The thing I most remember about the sprinters from Middletown, Ohio was the sorry state of their track uniforms. It’s an odd memory, for sure. But the old, whiteish singlets that had clearly been used and reused year after year were noteworthy to me. Maybe they stuck out because they had no fancy logoed school tracksuits for warmups, no matching spike bags, or accompanying swag. Or maybe I just noticed because they were so blazing fast, they booked a trip to state instead of us.
My home track was barely 13 miles from Middletown as the crow flies, but it might have been a world away: we in Centerville with our multiple complimentary Nike-sponsored kits; they in Middletown with I’m not sure what. AK Steel? The following year, after I enrolled at Miami University to study philosophy, I got to see that soot-spewing plant a lot more closely, each time we drove from home to campus or back.
Why my town flourished as it did, when Middletown most certainly did not, was a mystery to me. If you’d asked me at the time, I probably would have pointed to the differences in where our parents worked. It seemed that almost everyone in our community had a dad or mom who was a doctor, lawyer, or accountant, and most seemed to have really good jobs, often for big companies. Did minivan-driving families in Middletown have moms and dads who worked at AK Steel? This was hard for me to imagine, but also impossible for me to know. I knew my community lived with abundance. If I’m honest, I preferred to avoid even refueling in Middletown.
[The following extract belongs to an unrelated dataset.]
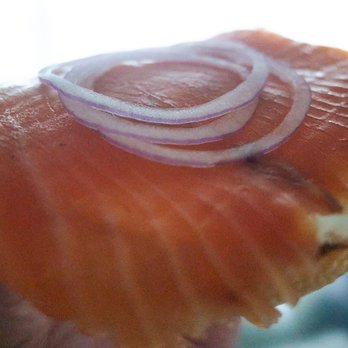 Wexler's Deli - "The Lox" - house cured, cold smoked salmon w/ cream cheese, onions, and capers - Delis Near Me - Las Vegas, Nevada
Years later, I came to better understand the biographic, sociologic, economic and historic factors that produced such disparate results across our neighboring communities. The economic benefits we’d enjoyed in my town were broadly attributable to having dads and moms who were knowledge workers for profitable companies. In turn, those companies could attribute much of their success to technological innovation and trade liberalization of the preceding 20 years.
Down in Middletown, the story was different. Yes, AK Steel was important. But frankly, there just weren’t all that many minivan-driving families with both moms and dads. To the extent technological innovation had an impact, it threatened to displace steady good-paying jobs. Benefits from so-called trade liberalization were nowhere to be found.
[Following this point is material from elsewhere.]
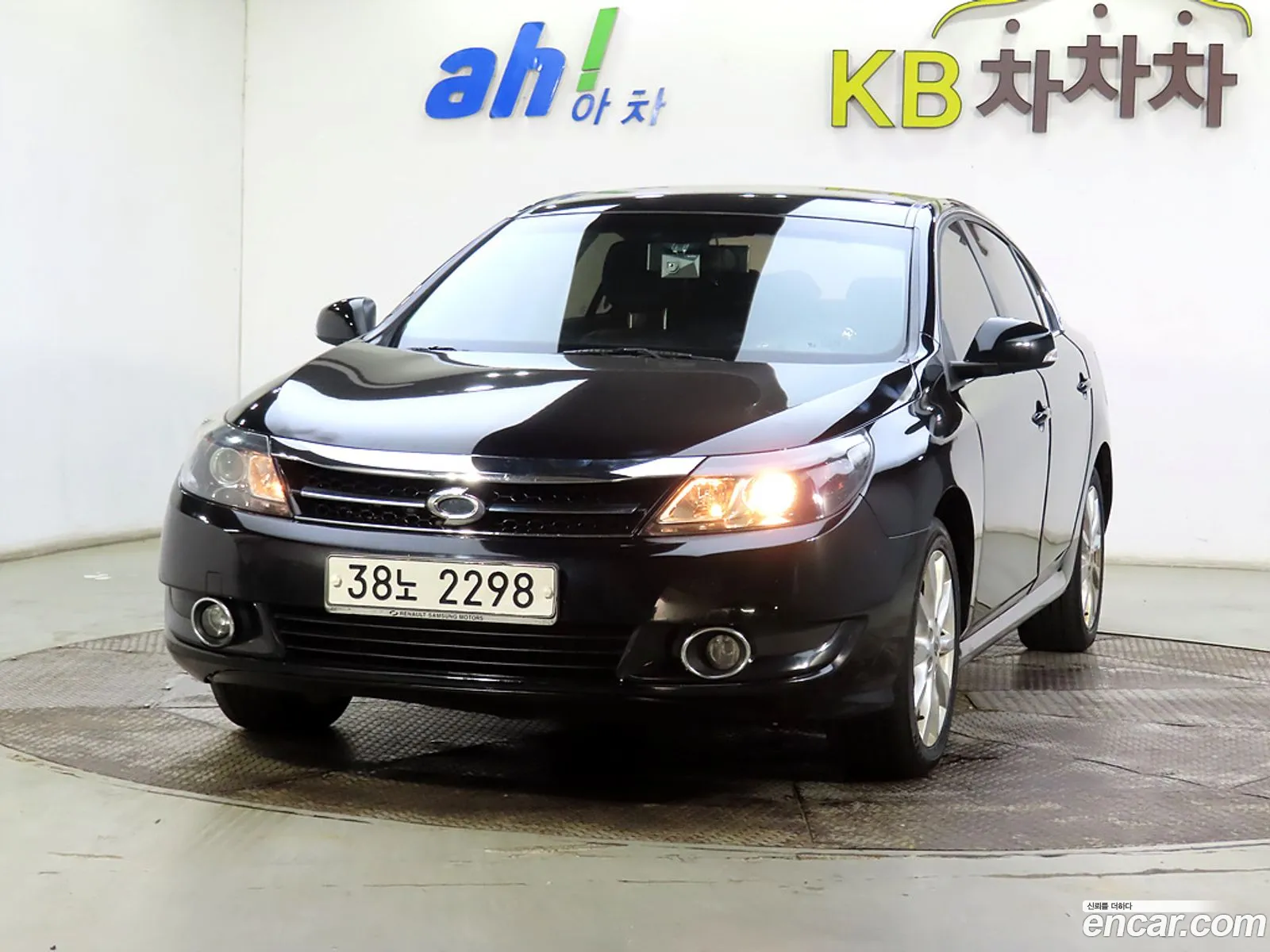 Renault Samsung Sm5 Se Black 2011 - фотография 4086658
While I assembled some of this understanding through graduate studies in economics and international trade, Hillbilly Elegy really made it hit home for me. J.D. Vance’s pre-2016 election autobiography of growing up in Middletown, Ohio offered many readers (especially in my socioeconomic class) a sense of epiphany about this swath of the electorate that we did not know. But for me, there was an added personal dimension. I’d raced those Middletown boys in their ratty jerseys.
Everyone had their own unique response to the shock of the 2016 election. Some grieved, some protested, some celebrated. While I didn’t vote for Trump in 2016, my first impulse in the weeks after the election was to nose my way into a public forum where I would try and make too many points in 650 words. (Shocking, I know.)
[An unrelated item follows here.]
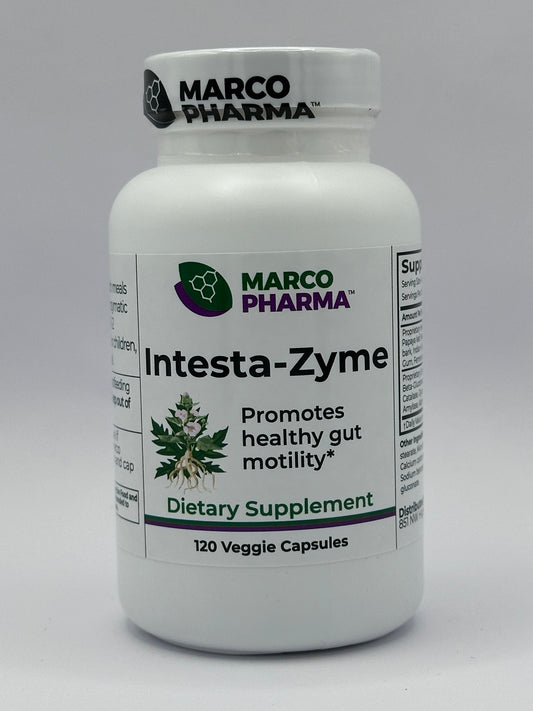 IntestaZyme, 120 Capsules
My first op-ed was published in the Cincinnati Enquirer. It was not a paid opinion, nor was it #SponsoredContent. It was simply an effort to validate what I observed as the most legitimate grievance animating Trump supporters: a rational and well-founded disapprobation of globalism, which had benefitted them hardly at all. I also felt duty-bound to try and explain that attempting to reorganize global trade through tariffs was almost certain to backfire. I even had a graph! I’m not sure I can fully account for why I wanted to write that essay, other than an in-my-bones conviction about the importance of being responsive to the results of a democratic process.
Now, eight years on and in the wake of comparably shocking election results, folks are again sorting through their own unique responses. Some blame, some cynicism, some genuine hope. Within the commentariat, John Harris has once again advanced (to my mind) a highly compelling take. You should read his full essay, but I think his most inarguable conclusion is that the Trump movement—no matter how much this appalls its (particularly college-educated) opponents—is a powerful expression of democracy. It also happens to be a more multi-ethnic and multi-racial expression than just about anyone anticipated.
In 2024, I understand the Trump movement in this way. And yet again, I feel as duty-bound as ever to try be responsive to this remarkable democratic outcome. What exactly is it about international trade—a core theme of the election—that contributed to galvanizing this unprecedented democratic coalition? What might it take to deliver on their expectations? One could ask the same question about immigration, of course, or the domestic economy, or U.S. foreign policy, or the social demands of the cultural elite. But this is a newsletter about trade. And forced labor.
To the extent the average, normie voter thinks about international trade—and admittedly, most folks think about it very little—they do so on two fronts. One, they think about what trade means for their job. And two, they relate it to their sense of unease about all the stuff they can buy.
Examples of the first front are easy to imagine. If you’re a farmer, you probably know that trade is important for your crops to fetch a good price. So too if you’re an upper-middle class Centerviller (Centervillain?). When you have a good job for a big company, you probably intuit that when your employer benefits from international trade, you will as well. If you’re a working class Middletowner (Middletownie?), you might think international trade is irrelevant (if you work a service-sector job) or a direct threat (if you in manufacturing).
These inferences are correct in some instances, and incorrect others. But overwhelmingly, the political discourse of international trade focuses on this front. “Tariffs are a tax increase that will drive inflation, ruin the economy and destroy jobs!” “Tariffs will Make America Great Again!” Historically speaking, trade has long been viewed through this lens of tariffs and jobs. During the height of the Bush & Obama FTA era, when MFN rates were already low across the board, trade agreements (and public discourse) focused on other less politically salient topics, like investor rights and cross-border regulatory harmonization. This Trump-era resumption of a totalizing discourse around tariffs and jobs is therefore less an aberration, and more a reversion to norm.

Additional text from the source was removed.